In [None]:
from pathlib import Path
import requests
import logging

BASE_RFC_URL = "https://www.rfc-editor.org/rfc/"
RAW_PATH_DATASET = Path("data/raw_dataset")

logging.basicConfig(filename='logs/scrapping_logger.log', level=logging.INFO,
                    format='%(asctime)s - %(levelname)s - %(message)s')


def download_website(url, output_file):
    try:
        response = requests.get(url)
        response.raise_for_status()
        with open(output_file, 'w', encoding='utf-8') as file:
            file.write(response.text)

        logging.info(f"Website content downloaded successfully and saved to {output_file}")

    except requests.exceptions.HTTPError as errh:
        logging.error(f"HTTP Error: {errh}")
    except requests.exceptions.ConnectionError as errc:
        logging.error(f"Error Connecting: {errc}")
    except requests.exceptions.Timeout as errt:
        logging.error(f"Timeout Error: {errt}")
    except requests.exceptions.RequestException as err:
        logging.error(f"Request Exception: {err}")

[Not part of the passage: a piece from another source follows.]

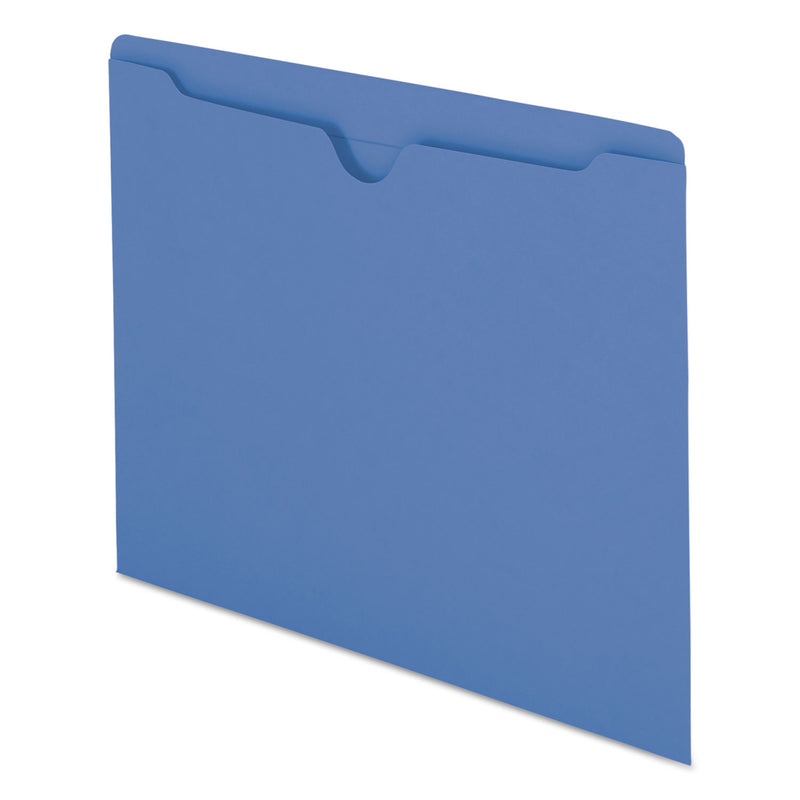 Smead Colored File Jackets with Reinforced Double-Ply Tab, Straight Tab, Letter Size, Blue, 100/Box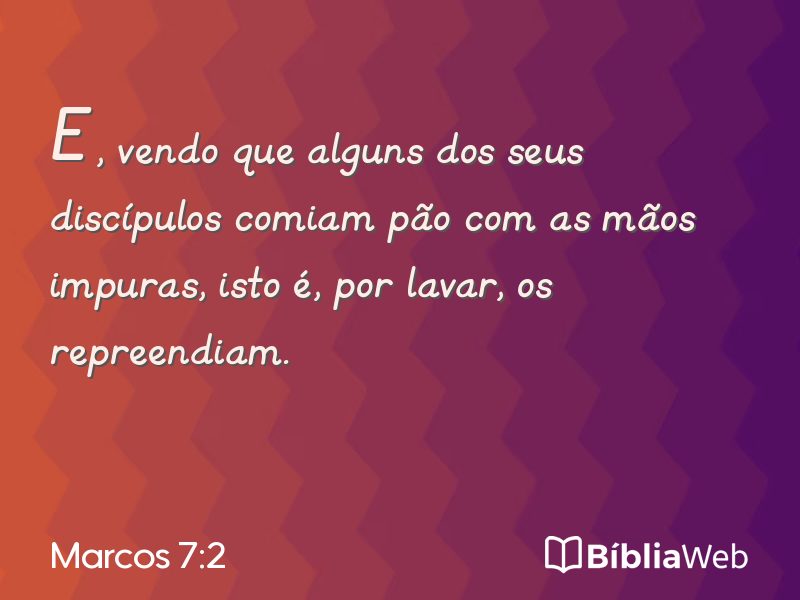 Marcos 7:2 em imagem para compartilhar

def download_rfc(rfc_number: int, logger):
    rfc_name = f"rfc{rfc_number}.html"
    rfc_url = BASE_RFC_URL + rfc_name
    output_file = RAW_PATH_DATASET / rfc_name
    download_website(rfc_url, output_file, logger)


In [None]:
import concurrent.futures
from tqdm import tqdm

with concurrent.futures.ThreadPoolExecutor(max_workers=24) as executor:
    for _ in tqdm(executor.map(download_rfc, range(10000)), total=10000):
        pass